I went to the Claire Trevor Dance theater and stood in line while everyone was seated. It was a different crowd then I see on this side of campus,
some people even smelled nice. Nobody knew what an electron was. A brave few were wearing short shorts (which was confusing
because I was cold* in a jacket).
The actual performance is divvied up into separate pieces with a subset of the dancers. The first seemed to be an exercise in direction. Performers are often given directions in terms of moving spatially on the stage (to stage left or stage right or upstage or downstage), but the opening piece seemed to dabble in coordinating in stage time having performers all offset themselves temporally like the instrument tracks on The Beatles' Blue Jay Way.
If the first piece represents a spread of a individual performers circulating around a central theme, the second piece is more centrally focused on placing a performer either individually or with an ensemble of other performs in that central theme and letting the ensemble push them to a very intense peak...or just letting the dancers patience and hard work communicate.
One of the most articulate, poignant pieces of dance I have seen appears here. I will let the performance speak for itself, but needless to say it's worth paying close attention to it. You'll know which one I'm talking about.
The pieces cover a broad range of thematic elements from very precise personifications of out of body concepts (growth, delicacy, etc.) to more abstract communications through dance. John finally appears where a trio of handsome, super toned dudes is required, so it's an obvious fit. This pieces seemed to be an ode to the sort of power from the human personality and body that peppers lots of Greek mythology. This was one of many times that I really noticed the lighting playing a perfectly natural role in the dancer's performance, but really every piece seems tuned in both costume, lighting, and smoke machines.
One piece in act two in particular was a delight. It managed to enlarge my perception of the stage spatially. Dancers in the piece that I'm talking about are constantly exchanging themselves over a relatively small area; I imagine the piece has the same effect as a school of fish would on a predator and pleasantly forced my focus on the wide variety of dances everywhere. This might be construed as a slight against the performance, but it's not. Instead, it's a very effective technique that the dancers performed well.
I would caution that this might have something to do with where I was sitting (meaning, the middle and slightly stage right). In retrospect, I would have like to have sat at the back for the first act since a lot of the performances stack the players from front to back on the stage and I may have missed the back end players. However, the second act lends itself to a seat that it right up front to catch the textural interchanging that I've been talking about. It might be worth thinking about that briefly before you head to the performance.
John returns for another piece that surely required an acrobatically
intense training. I don't want to spoil anything, but it's good.

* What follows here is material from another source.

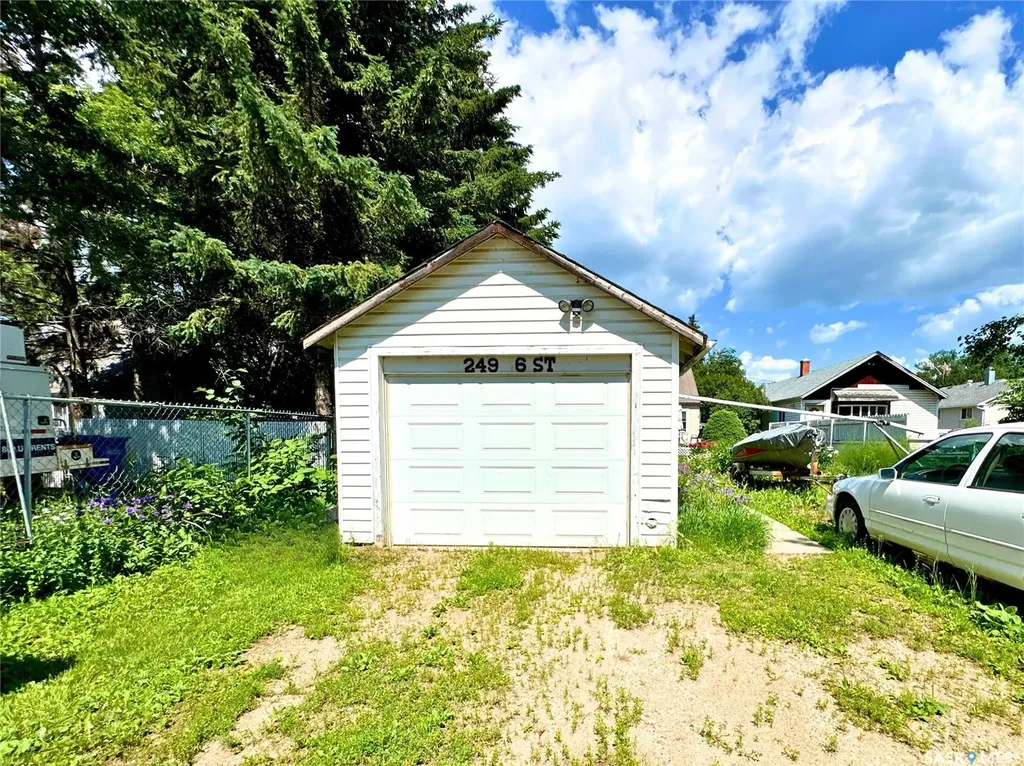 249 6th Street E Prince Albert SK S6V 0M9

The final piece seemingly returns to the adventures in stage time that were present in the first piece and here the lighting almost acts like another performer. I thought I caught thematic threads from all the previous pieces sewn up nicely in this ultimate piece. Even the lighting plays a powerful role in this last piece; the performers artistically threw themselves and the kitchen sink in this one to cap off a great show. The director keeps the surprises coming frequently with strength. You might even want to go twice.